_AIM OF THE EXERCISE_: The listing below is to be reproduced in full, character for character.

Start of Block

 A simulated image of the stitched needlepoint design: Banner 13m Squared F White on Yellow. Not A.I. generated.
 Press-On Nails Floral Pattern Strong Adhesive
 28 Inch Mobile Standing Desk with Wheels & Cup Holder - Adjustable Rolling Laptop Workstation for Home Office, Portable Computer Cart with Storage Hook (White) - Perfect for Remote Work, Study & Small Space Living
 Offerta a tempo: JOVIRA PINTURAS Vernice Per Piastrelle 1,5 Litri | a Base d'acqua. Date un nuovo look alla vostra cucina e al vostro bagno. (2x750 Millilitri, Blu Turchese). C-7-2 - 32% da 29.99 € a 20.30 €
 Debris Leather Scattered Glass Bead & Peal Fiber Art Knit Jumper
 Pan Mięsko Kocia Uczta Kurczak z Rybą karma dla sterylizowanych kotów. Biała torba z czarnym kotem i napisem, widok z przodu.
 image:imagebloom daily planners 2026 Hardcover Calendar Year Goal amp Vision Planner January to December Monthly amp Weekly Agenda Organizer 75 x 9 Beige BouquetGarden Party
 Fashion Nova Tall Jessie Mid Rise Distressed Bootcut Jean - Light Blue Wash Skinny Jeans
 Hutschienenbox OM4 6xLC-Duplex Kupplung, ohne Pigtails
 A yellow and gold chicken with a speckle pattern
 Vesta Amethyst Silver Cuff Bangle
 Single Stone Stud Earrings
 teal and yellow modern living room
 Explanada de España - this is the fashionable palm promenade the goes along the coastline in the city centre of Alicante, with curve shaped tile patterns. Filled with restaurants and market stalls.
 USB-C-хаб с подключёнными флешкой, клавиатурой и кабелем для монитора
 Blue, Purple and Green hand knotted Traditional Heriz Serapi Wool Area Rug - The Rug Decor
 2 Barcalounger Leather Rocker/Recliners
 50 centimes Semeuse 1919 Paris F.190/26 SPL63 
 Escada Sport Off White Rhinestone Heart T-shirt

End of Block

_RESPONSE BELOW_:
 A simulated image of the stitched needlepoint design: Banner 13m Squared F White on Yellow. Not A.I. generated.
 Press-On Nails Floral Pattern Strong Adhesive
 28 Inch Mobile Standing Desk with Wheels & Cup Holder - Adjustable Rolling Laptop Workstation for Home Office, Portable Computer Cart with Storage Hook (White) - Perfect for Remote Work, Study & Small Space Living
 Offerta a tempo: JOVIRA PINTURAS Vernice Per Piastrelle 1,5 Litri | a Base d'acqua. Date un nuovo look alla vostra cucina e al vostro bagno. (2x750 Millilitri, Blu Turchese). C-7-2 - 32% da 29.99 € a 20.30 €
 Debris Leather Scattered Glass Bead & Peal Fiber Art Knit Jumper
 Pan Mięsko Kocia Uczta Kurczak z Rybą karma dla sterylizowanych kotów. Biała torba z czarnym kotem i napisem, widok z przodu.
 image:imagebloom daily planners 2026 Hardcover Calendar Year Goal amp Vision Planner January to December Monthly amp Weekly Agenda Organizer 75 x 9 Beige BouquetGarden Party
 Fashion Nova Tall Jessie Mid Rise Distressed Bootcut Jean - Light Blue Wash Skinny Jeans
 Hutschienenbox OM4 6xLC-Duplex Kupplung, ohne Pigtails
 A yellow and gold chicken with a speckle pattern
 Vesta Amethyst Silver Cuff Bangle
 Single Stone Stud Earrings
 teal and yellow modern living room
 Explanada de España - this is the fashionable palm promenade the goes along the coastline in the city centre of Alicante, with curve shaped tile patterns. Filled with restaurants and market stalls.
 USB-C-хаб с подключёнными флешкой, клавиатурой и кабелем для монитора
 Blue, Purple and Green hand knotted Traditional Heriz Serapi Wool Area Rug - The Rug Decor
 2 Barcalounger Leather Rocker/Recliners
 50 centimes Semeuse 1919 Paris F.190/26 SPL63 
 Escada Sport Off White Rhinestone Heart T-shirt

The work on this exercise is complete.